• **EXERCISE DESCRIPTION**
All of the listing below must be repeated word for word. Pictures are the only thing to omit.

• **SUPPLIED INFORMATION**
══════════════════════════════

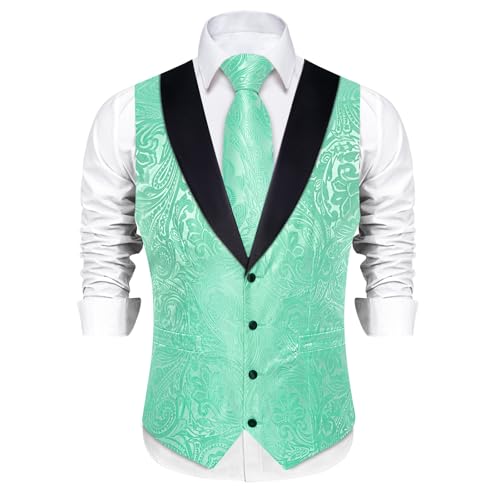 Image of DiBanGu Mens Paisley Suit Vest Silk Jacquard Waistcoat and Necktie Set Formal Shawl Collar Dress Vest 7PCS for Wedding Party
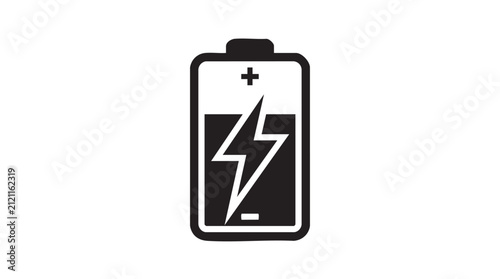 Battery icon with lightning bolt symbol for energy charging.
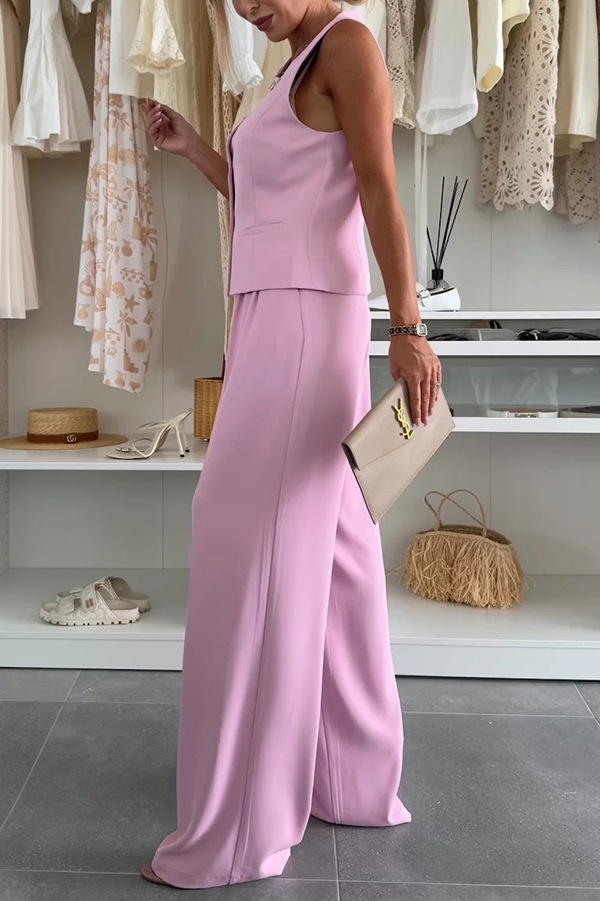 Workplace Chic Sleeveless Button Vest and Relaxed Pocket Wide Leg Pants Set-consonak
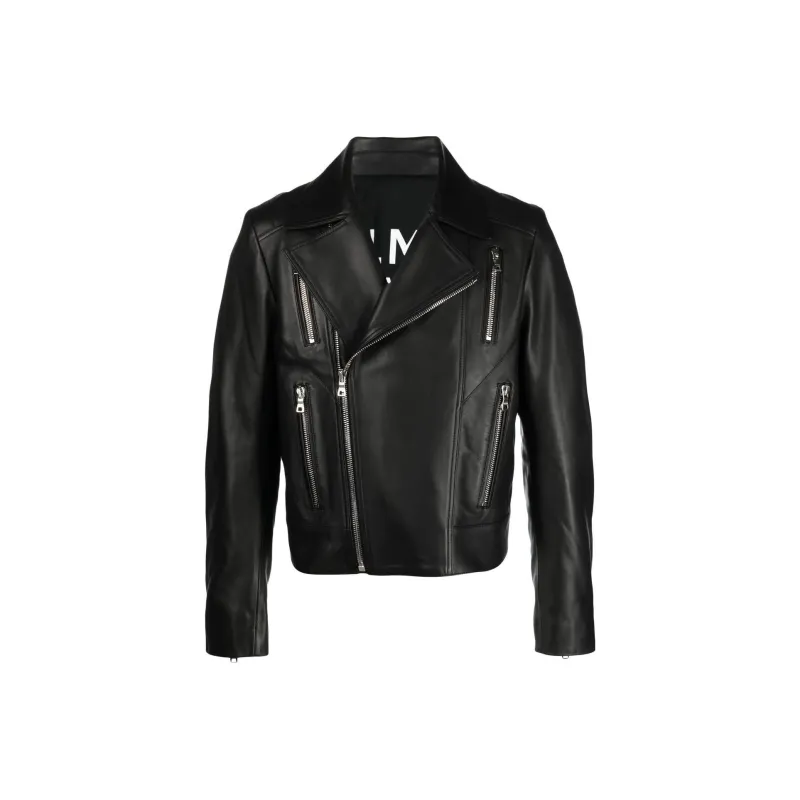 BALMAIN SS23 Leather Jacket Men's Black-0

══════════════════════════════

• **TASK RESPONSE**
 Image of DiBanGu Mens Paisley Suit Vest Silk Jacquard Waistcoat and Necktie Set Formal Shawl Collar Dress Vest 7PCS for Wedding Party
 Battery icon with lightning bolt symbol for energy charging.
 Workplace Chic Sleeveless Button Vest and Relaxed Pocket Wide Leg Pants Set-consonak
 BALMAIN SS23 Leather Jacket Men's Black-0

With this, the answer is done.